◆ **WHAT THE TASK ASKS**: Could you repeat the entries below exactly, but only from the line with "Risparmia con le" through the line with "asics accelerate jacket yellow", and without any picture?

◆ **EXERCISE DATA**:
■ ■ ■ ■ ■ ■ ■

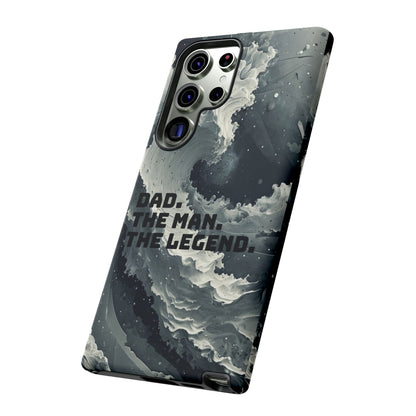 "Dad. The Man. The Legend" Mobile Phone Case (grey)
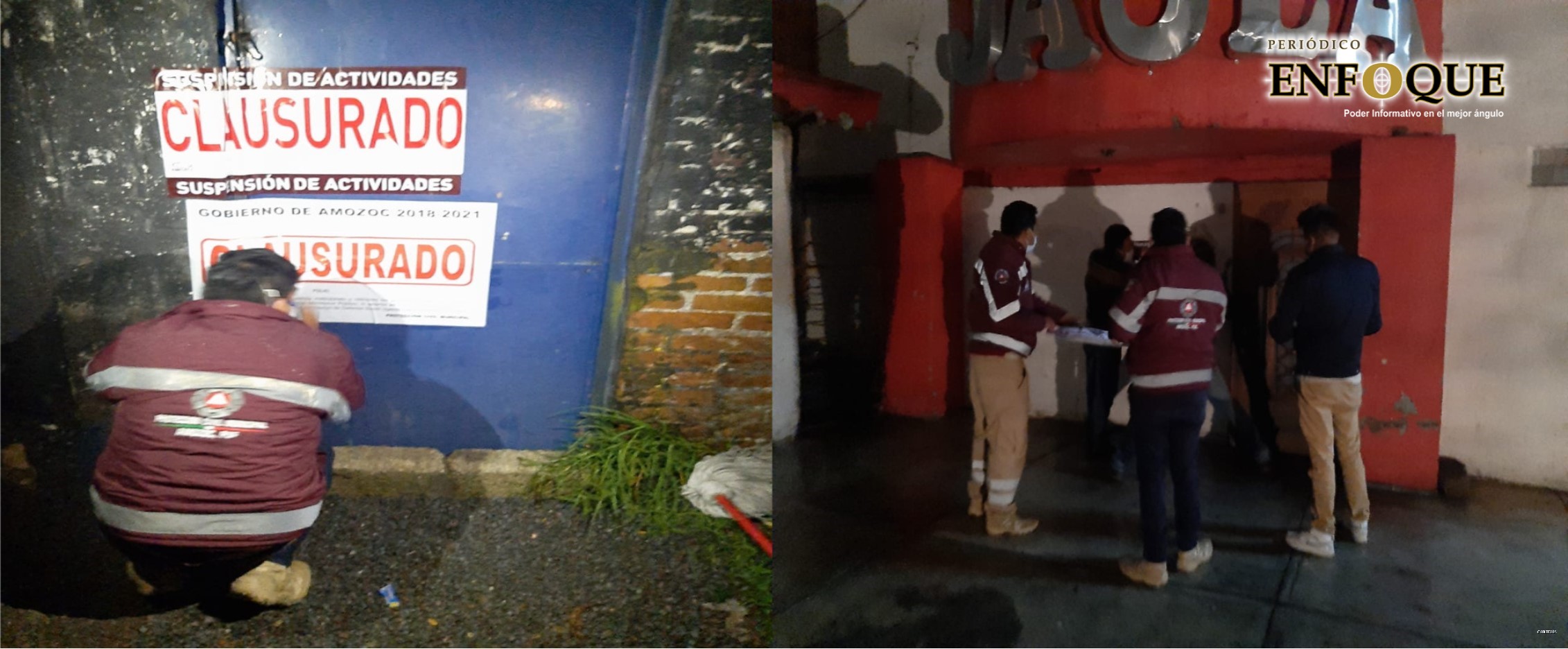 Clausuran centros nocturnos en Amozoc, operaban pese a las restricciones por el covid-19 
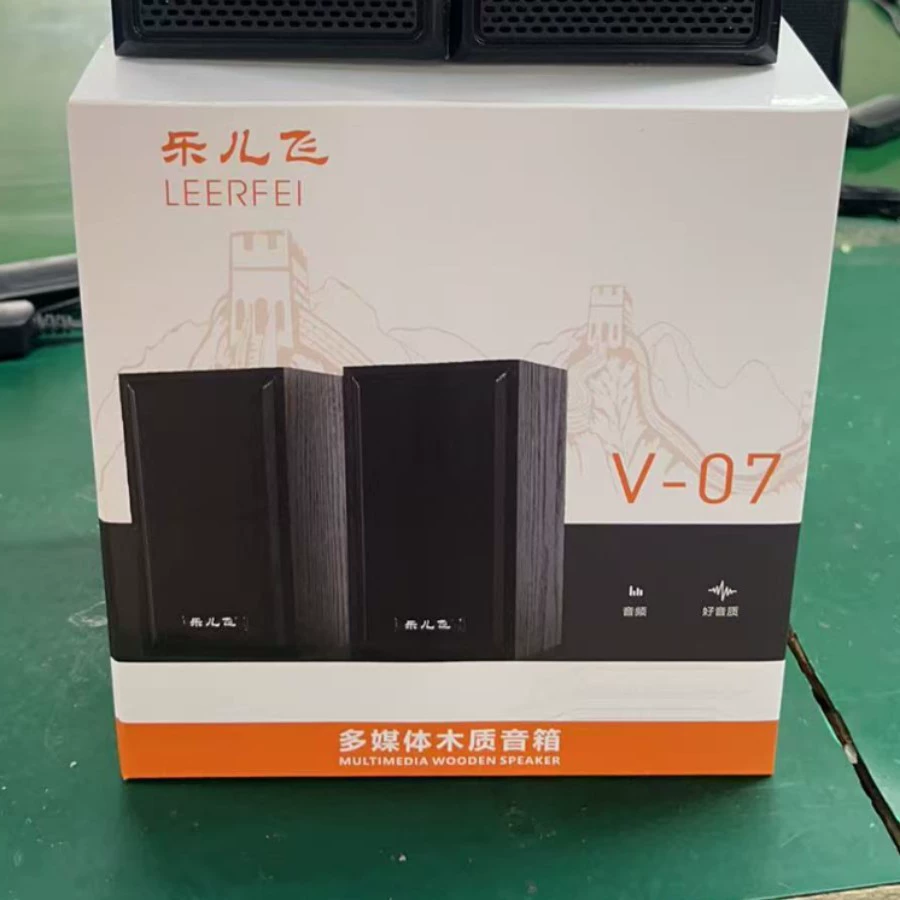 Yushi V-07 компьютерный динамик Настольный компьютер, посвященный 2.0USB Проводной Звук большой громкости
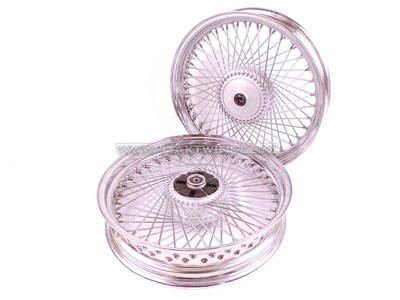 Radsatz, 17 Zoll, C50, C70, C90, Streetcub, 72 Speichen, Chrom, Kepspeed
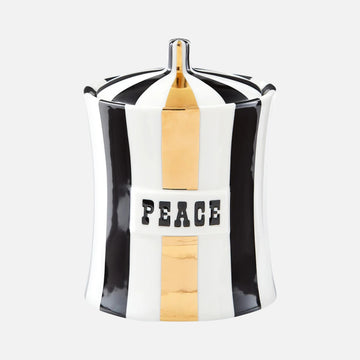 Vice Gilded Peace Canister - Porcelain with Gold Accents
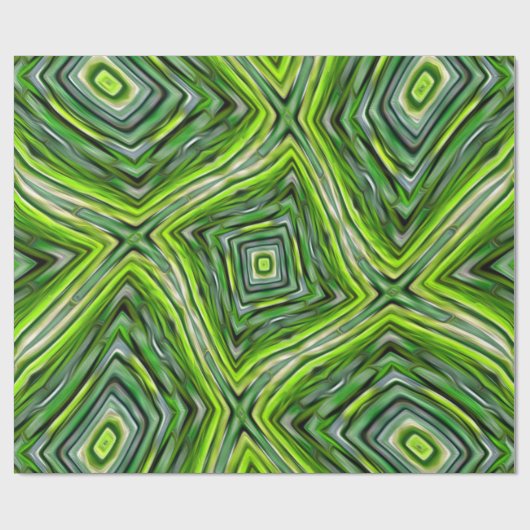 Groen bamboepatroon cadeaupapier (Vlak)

■ ■ ■ ■ ■ ■ ■

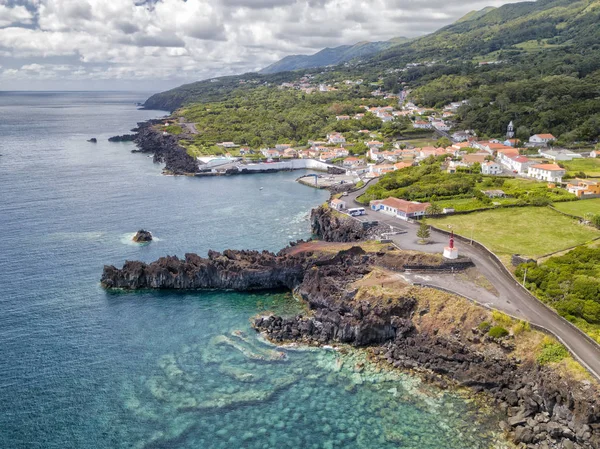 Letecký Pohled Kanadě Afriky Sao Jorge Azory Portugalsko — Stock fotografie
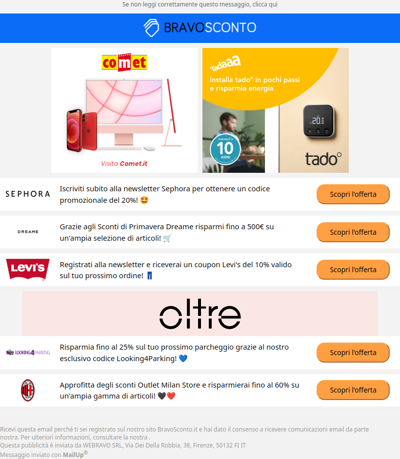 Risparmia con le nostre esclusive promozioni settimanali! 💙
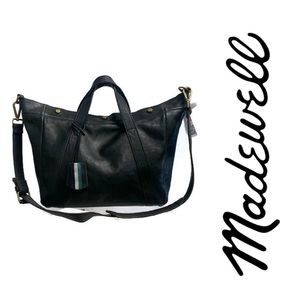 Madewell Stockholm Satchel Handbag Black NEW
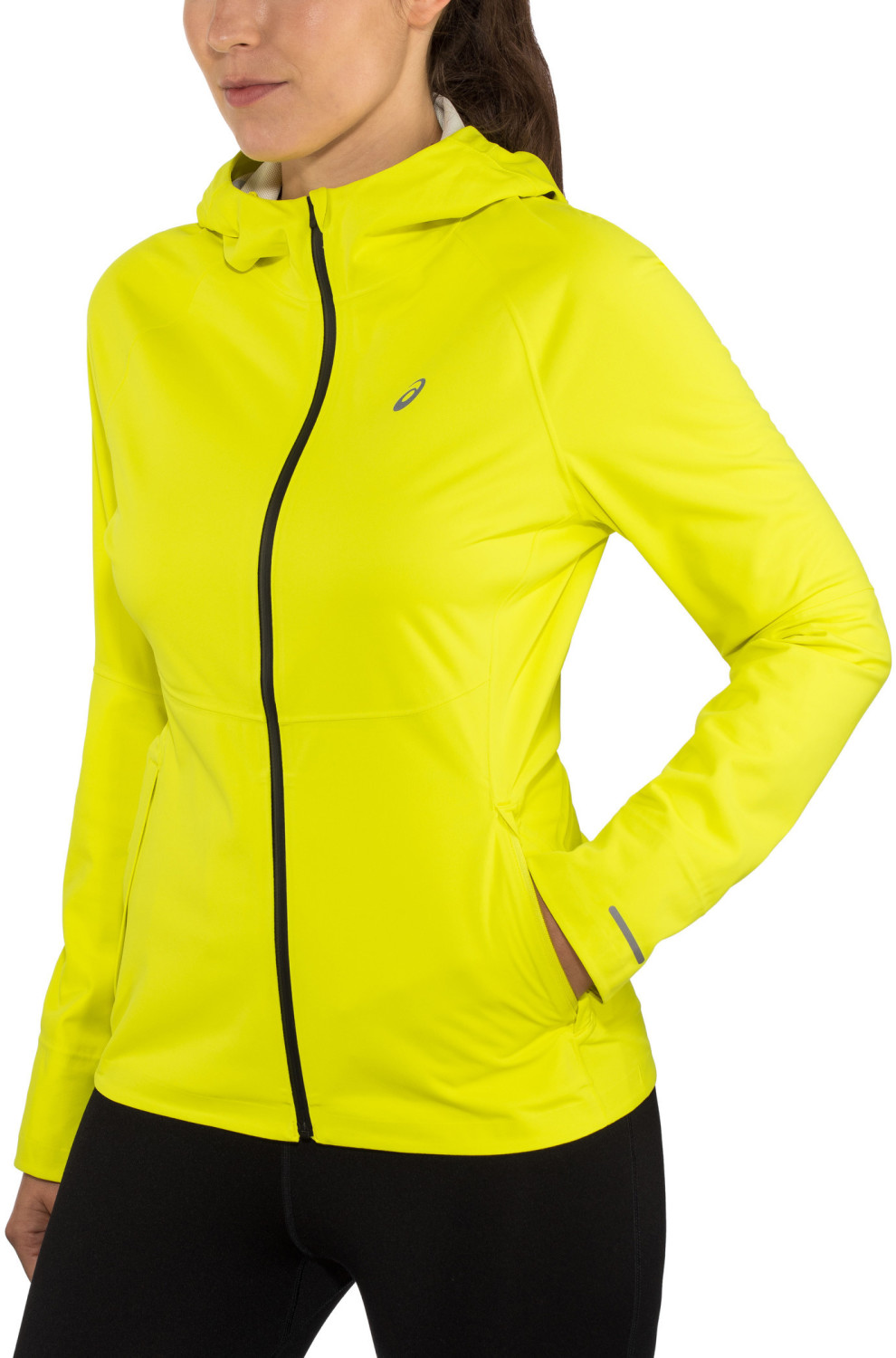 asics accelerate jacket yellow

■ ■ ■ ■ ■ ■ ■

◆ **OUTPUT FOR THIS TASK**:
 Risparmia con le nostre esclusive promozioni settimanali! 💙
 Madewell Stockholm Satchel Handbag Black NEW
 asics accelerate jacket yellow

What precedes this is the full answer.